Pular para o conteúdo

Um contador de causos

Um contador de causos
Acervo pessoal

Sempre esqueço o que sonho. Desta vez, porém, lembro de tudo. Lembro tanto que resolvi compartilhar com meus leitores, mesmo que alguns estranhem o jeito. Foi como se estivesse psicografando uma mensagem.

O homem, pilchado como um gaúcho de cepa, bombacha cinza larga e chapéu preto de barbicacho, apeou do tordilho negro na frente do bolicho do Rubin e foi entrando como se chegasse de volta em casa depois de um ano:

– Buenas e me espalho, nos pequenos dou de plancha e nos grandes dou de talho – gritou, com a sua voz de trovador experiente e despachado.
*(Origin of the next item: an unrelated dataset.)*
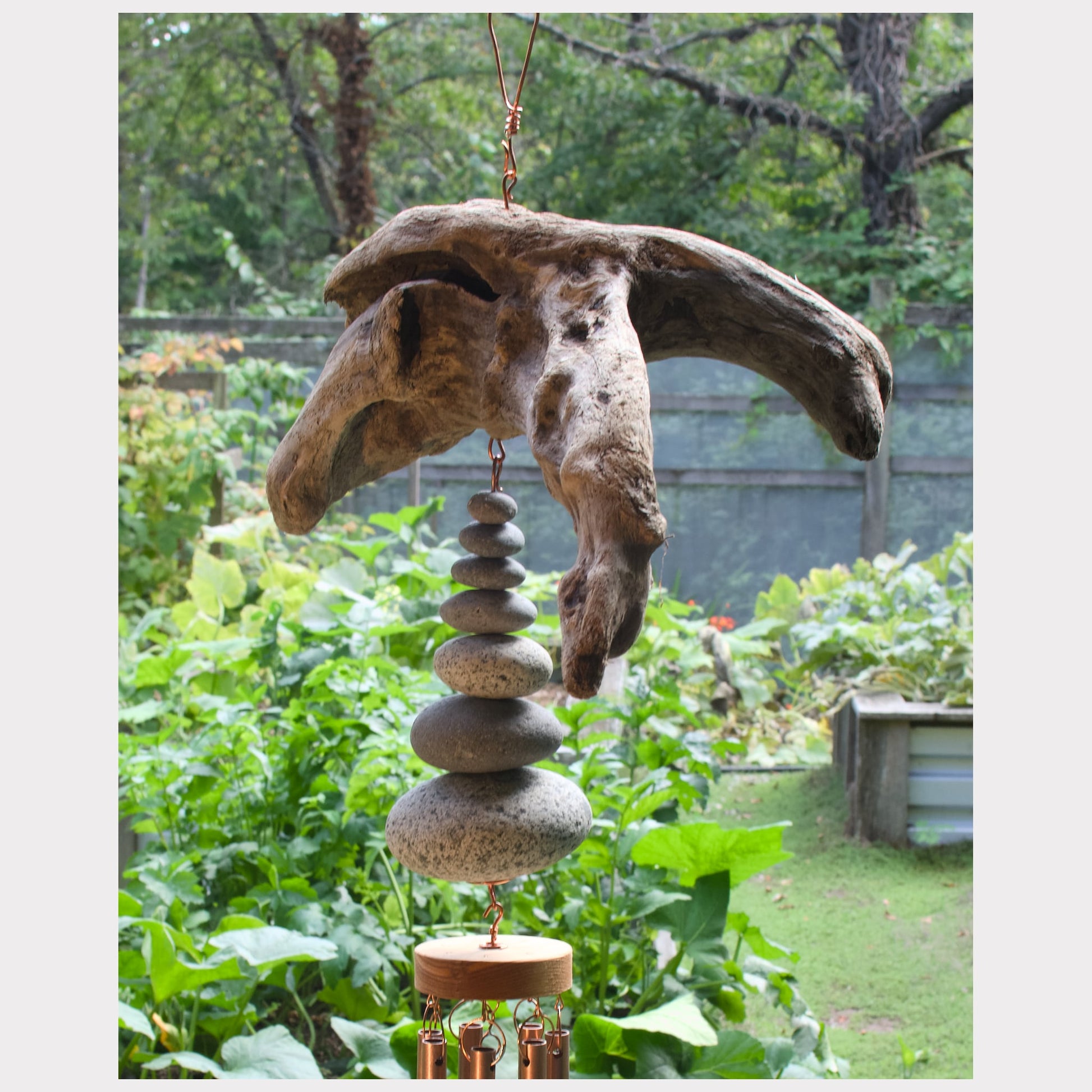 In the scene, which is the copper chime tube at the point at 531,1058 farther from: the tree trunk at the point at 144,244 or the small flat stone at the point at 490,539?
the tree trunk at the point at 144,244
Ladário, que estava sentado num pelego vermelho, coçou-se como se procurasse alguma coisa na cintura e berrou no mesmo timbre de voz:

– Acho que alguém já disse antes, mas, não tem portância, vamos ao que interessa: pois dê então, vivente. Venha que te espero para uma dança.

O homem, com seu bigode farto e seus olhos negros faiscantes, olhou para Ladário como se tentasse reconhecê-lo ou decifrar a sua mente.
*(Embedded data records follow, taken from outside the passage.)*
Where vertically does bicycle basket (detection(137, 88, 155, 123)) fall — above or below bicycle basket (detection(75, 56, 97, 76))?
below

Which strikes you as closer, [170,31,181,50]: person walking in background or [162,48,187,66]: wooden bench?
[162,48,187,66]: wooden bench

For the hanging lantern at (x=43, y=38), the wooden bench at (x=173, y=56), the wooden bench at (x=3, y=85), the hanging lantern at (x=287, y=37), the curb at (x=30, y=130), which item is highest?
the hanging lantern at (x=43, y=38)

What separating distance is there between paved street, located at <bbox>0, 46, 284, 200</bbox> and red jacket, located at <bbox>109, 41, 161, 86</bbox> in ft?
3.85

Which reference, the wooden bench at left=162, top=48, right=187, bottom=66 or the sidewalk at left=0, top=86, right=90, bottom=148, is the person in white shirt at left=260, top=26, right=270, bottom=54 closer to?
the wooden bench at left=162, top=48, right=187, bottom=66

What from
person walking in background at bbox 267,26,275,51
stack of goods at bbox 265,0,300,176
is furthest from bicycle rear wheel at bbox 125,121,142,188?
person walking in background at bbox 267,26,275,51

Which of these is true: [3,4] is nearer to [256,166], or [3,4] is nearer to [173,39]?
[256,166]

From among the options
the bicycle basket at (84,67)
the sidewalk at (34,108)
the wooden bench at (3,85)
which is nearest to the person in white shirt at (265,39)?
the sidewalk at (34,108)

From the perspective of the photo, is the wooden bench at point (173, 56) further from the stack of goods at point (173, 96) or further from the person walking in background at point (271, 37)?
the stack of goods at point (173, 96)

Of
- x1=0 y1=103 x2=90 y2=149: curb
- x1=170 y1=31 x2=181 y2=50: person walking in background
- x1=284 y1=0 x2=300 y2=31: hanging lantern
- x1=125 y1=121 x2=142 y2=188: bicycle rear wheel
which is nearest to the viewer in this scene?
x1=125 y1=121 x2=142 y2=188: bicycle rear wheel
– Vou, então, paisano, que não nego convite para um abraço.

Ato contínuo, jogou o corpo para a frente, com os braços abertos, estendidos, e um grande sorriso no rosto largo, a testa luzindo de suor.

– Que é isso, tchê? – espantou-se Ladário.

O desconhecido oferecia-se para um abraço com a confiança franca de quem alisa o lombo de um potro que já deixou de ser cosquilhoso.

– Dê cá um abraço, paisano, que isso vale mais do que um talho.

Ladário ameaçou tirar a faca, mas se estendeu para receber o outro.

– Pois lhe dou, vivente, claro que deu, pois abraço não se nega, esperando que seja honesto e que sirva para plantar amizade. Mas tem uma condição.

O forasteiro franziu o cenho como se temesse uma tempestade. Em contrapartida, estufou o peito e soltou a sua resposta em tom mais baixo:

– Pois me diga a sua condição, que só pode ser proposta de paz.

– Suspendo a nossa briga se o vivente contar um causo tão bom que nos faça passar o tempo como se ele não existisse. Se o causo for ruim, voltamos ao começo da nossa conversa e aí salve-se quem puder e não serei eu a cair.

O visitante pigarreou, alisou o bigode e percorreu todo o espaço do bolicho com o seu olhar profundamente negro e luminoso. Foi aí que propôs:

– Causo é comigo mesmo. Conto até mais de um se antes, amigo, puder encher o bucho, que contador de causo de barriga vazia não para em pé.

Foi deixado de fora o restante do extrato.